Il trionfo in Michigan è l’ennesima conferma contro una Nikki Haley che insiste, ma che oggettivamente non ha più chance. E assume un valore particolarmente emblematico perché particolare è il ruolo di questo Stato. Swing State per eccellenza, qui Joe Biden ha vinto nel 2020, ma con un margine davvero minimo: solo 150mila voti. Con la destra agitatissima proprio su questo punto, tra sospetti di brogli elettorali e accuse che la giustizia (che il Partito Democratico) abbia provato a cancellare il nome di Trump dalle liste, pur di evitare il confronto delle urne.

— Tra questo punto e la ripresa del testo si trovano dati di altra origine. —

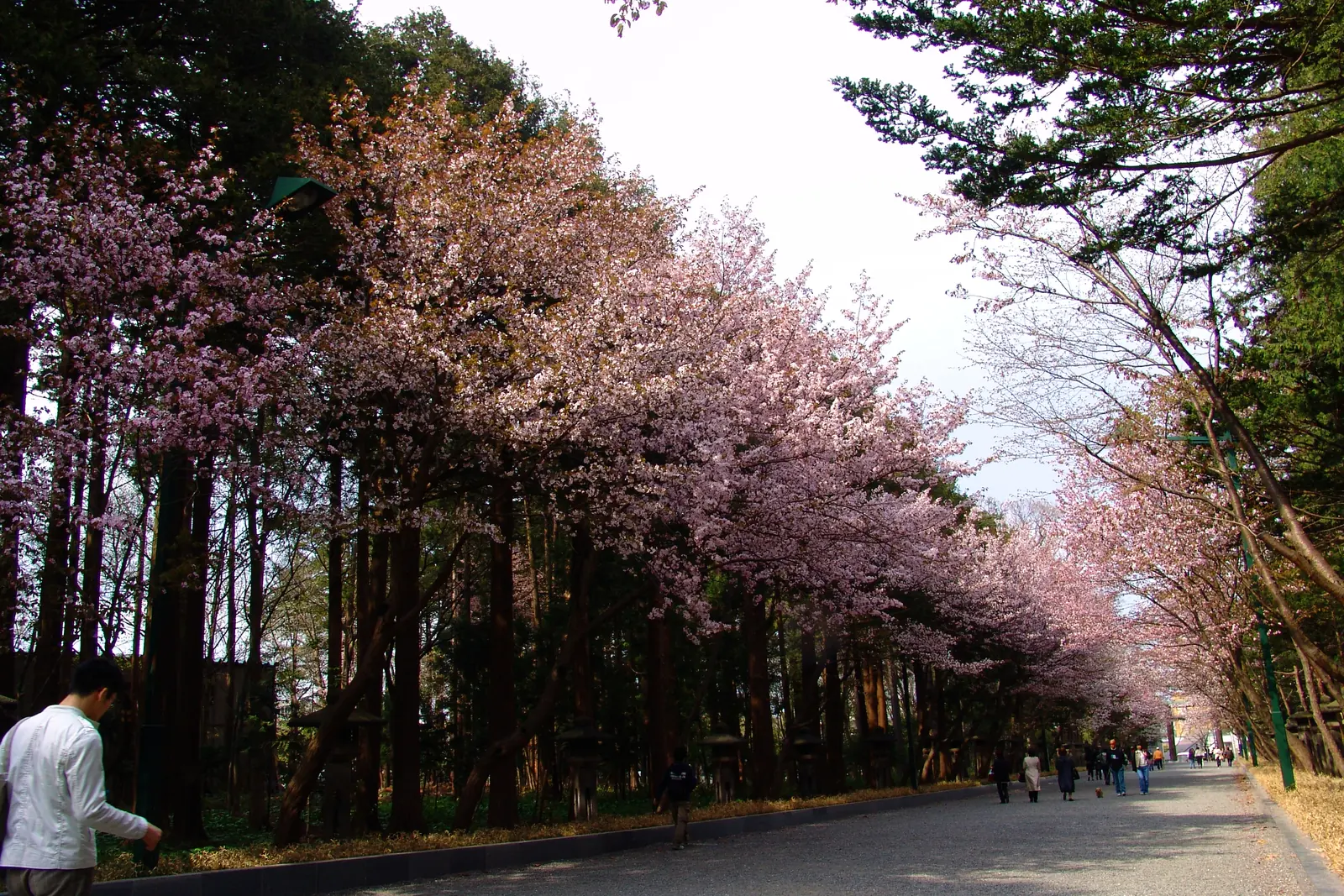 桜の季節の北海道神宮 表参道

Urne che gridano un 70% tondo, e vele del tycoon spiegate verso il Super Tuesday del 5 marzo, giornata già storica durante la quale si voterà in ben 17 Stati contemporaneamente, e insomma si chiuderà definitivamente questa partita per la nomination.
Biden annaspa, incassa la protesta degli operai metalmeccanici, e Trump lo incalza nel suo discorso di ringraziamento: «Ha demolito il destino dell’industria automobilistica, in generale ha distrutto il nostro Paese», e così a suon dei soliti slogan di...rendere l’America di nuovo grande.